# iPhoto Stopped Working



## Patce (Sep 6, 2010)

My MacBook is 2 1/2 yrs old & have never had a problem.To say I'm not 
at all good at solving problems is an under statement.

Last wk, iPhotos just stopped.I finally got a pop up saying the classic version is no longer supported.

Now what? Is there soft ware needing to be down loaded?  I'd appreciate any help you have to offer. PL


----------



## Sandpiper (Oct 28, 2008)

I'm _guessing_ that you need to install  iLife '11. It includes an updated version of iPhoto. It was never a free update.

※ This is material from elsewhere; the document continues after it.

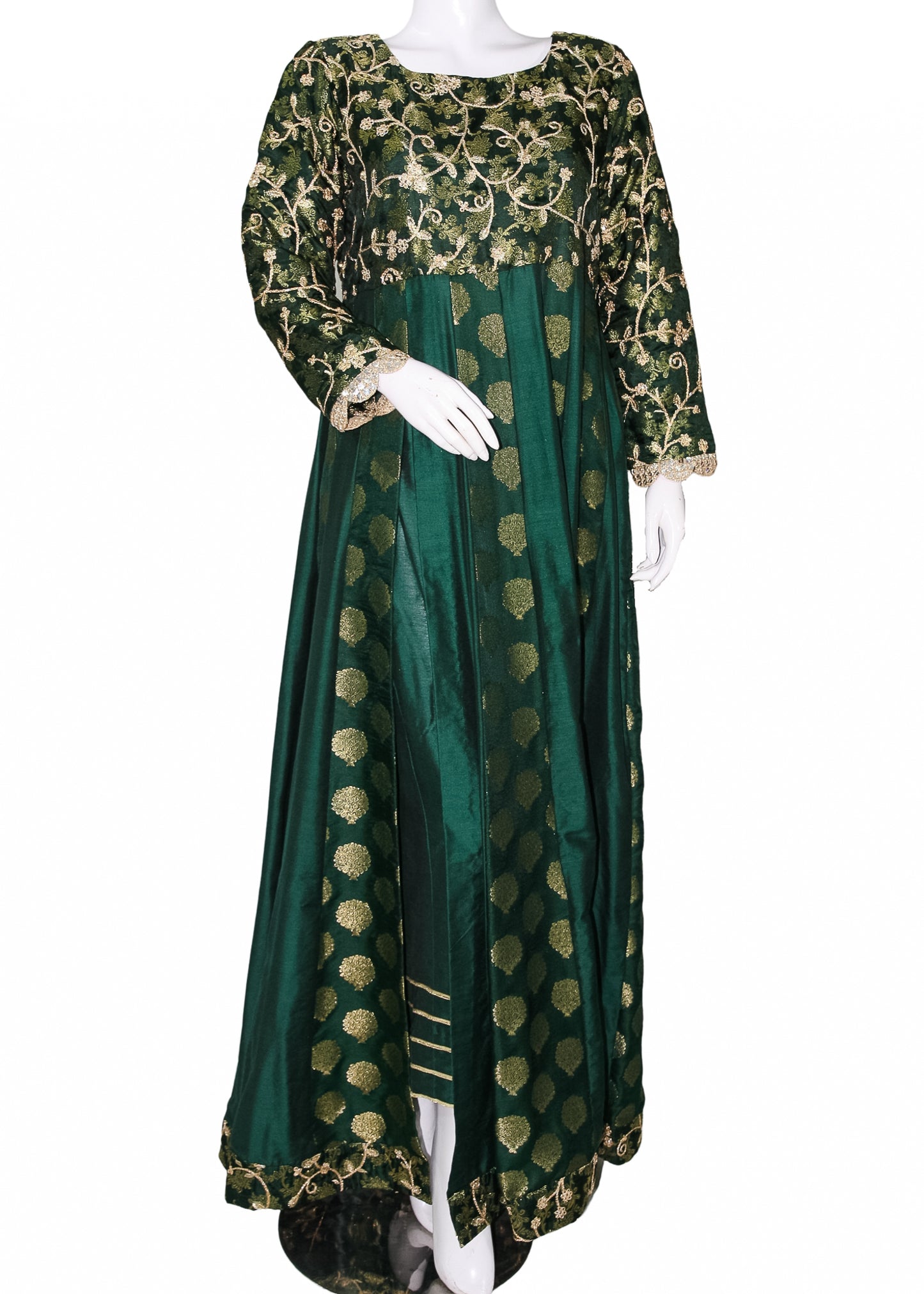 Emerald Green Organza Zari 3PC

Are you near an Apple Store or do you have AppleCare? If you bought AppleCare when you bought your MacBook, it's an additional two years making a total of three.


----------



## Patce (Sep 6, 2010)

Thanks. I'm thinking it might be time for a new MacBook one of these days.Tried to talk myself into going with iPad,but think the MacBook works best for me. PL



Sandpiper said:


> I'm _guessing_ that you need to install  iLife '11. It includes an updated version of iPhoto. It was never a free update.
> 
> Are you near an Apple Store or do you have AppleCare? If you bought AppleCare when you bought your MacBook, it's an additional two years making a total of three.


----------